**Directions for this task:** In the data below, give the number of lines that contain the word "with". Nothing else is needed.

(Records provided begins)

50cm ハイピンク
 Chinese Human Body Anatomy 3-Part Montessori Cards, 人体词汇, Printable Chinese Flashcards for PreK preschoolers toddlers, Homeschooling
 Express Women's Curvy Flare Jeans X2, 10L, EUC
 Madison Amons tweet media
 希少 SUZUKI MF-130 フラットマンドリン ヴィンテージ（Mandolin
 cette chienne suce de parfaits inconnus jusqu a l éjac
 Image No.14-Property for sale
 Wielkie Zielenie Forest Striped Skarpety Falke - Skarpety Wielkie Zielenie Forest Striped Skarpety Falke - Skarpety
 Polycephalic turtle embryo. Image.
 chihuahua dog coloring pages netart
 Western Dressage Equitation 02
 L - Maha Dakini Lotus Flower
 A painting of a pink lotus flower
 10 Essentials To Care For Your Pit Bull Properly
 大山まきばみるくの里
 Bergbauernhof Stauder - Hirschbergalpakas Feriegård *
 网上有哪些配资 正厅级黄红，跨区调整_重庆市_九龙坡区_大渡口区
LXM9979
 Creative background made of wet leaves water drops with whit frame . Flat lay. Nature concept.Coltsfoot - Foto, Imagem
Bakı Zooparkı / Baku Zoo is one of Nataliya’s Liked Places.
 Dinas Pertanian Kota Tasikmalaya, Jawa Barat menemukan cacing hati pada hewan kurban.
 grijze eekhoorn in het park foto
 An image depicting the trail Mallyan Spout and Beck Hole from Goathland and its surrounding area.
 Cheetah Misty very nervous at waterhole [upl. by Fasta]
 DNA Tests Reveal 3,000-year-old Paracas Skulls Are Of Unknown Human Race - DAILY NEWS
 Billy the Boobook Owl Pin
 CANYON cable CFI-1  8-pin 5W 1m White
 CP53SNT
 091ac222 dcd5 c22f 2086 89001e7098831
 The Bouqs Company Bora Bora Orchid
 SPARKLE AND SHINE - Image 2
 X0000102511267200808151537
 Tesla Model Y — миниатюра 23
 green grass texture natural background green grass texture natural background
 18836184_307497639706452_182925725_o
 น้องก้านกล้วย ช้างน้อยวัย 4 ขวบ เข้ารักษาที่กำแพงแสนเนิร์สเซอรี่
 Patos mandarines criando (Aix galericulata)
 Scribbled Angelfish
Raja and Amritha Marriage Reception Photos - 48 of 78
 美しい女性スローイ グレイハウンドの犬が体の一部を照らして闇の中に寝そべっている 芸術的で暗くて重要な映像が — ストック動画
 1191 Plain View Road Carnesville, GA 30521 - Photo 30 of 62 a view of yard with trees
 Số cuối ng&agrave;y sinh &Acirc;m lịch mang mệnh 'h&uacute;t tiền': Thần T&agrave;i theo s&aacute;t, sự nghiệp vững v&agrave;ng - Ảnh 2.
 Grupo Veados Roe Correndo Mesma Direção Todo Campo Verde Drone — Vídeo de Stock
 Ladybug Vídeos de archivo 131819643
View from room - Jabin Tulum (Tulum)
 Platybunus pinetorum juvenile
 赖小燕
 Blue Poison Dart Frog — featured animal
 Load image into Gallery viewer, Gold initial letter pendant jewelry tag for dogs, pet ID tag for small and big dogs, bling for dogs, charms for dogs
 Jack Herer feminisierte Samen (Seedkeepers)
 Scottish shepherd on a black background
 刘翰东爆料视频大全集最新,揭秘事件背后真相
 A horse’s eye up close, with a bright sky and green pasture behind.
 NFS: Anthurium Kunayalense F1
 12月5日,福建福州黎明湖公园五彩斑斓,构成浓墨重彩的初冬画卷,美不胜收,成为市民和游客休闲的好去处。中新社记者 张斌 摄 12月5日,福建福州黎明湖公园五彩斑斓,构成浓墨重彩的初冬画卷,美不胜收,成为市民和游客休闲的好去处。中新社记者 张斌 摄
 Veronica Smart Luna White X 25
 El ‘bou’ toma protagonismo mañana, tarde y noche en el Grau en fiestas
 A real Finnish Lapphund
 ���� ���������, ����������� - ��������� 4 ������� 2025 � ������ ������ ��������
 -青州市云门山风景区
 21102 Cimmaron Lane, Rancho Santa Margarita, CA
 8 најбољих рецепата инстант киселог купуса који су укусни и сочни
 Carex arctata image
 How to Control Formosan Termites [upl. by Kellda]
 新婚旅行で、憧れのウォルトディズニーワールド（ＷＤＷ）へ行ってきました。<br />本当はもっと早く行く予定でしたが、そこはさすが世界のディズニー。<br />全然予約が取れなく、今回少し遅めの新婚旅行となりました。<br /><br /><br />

(Records provided ends)

**Task result:** 3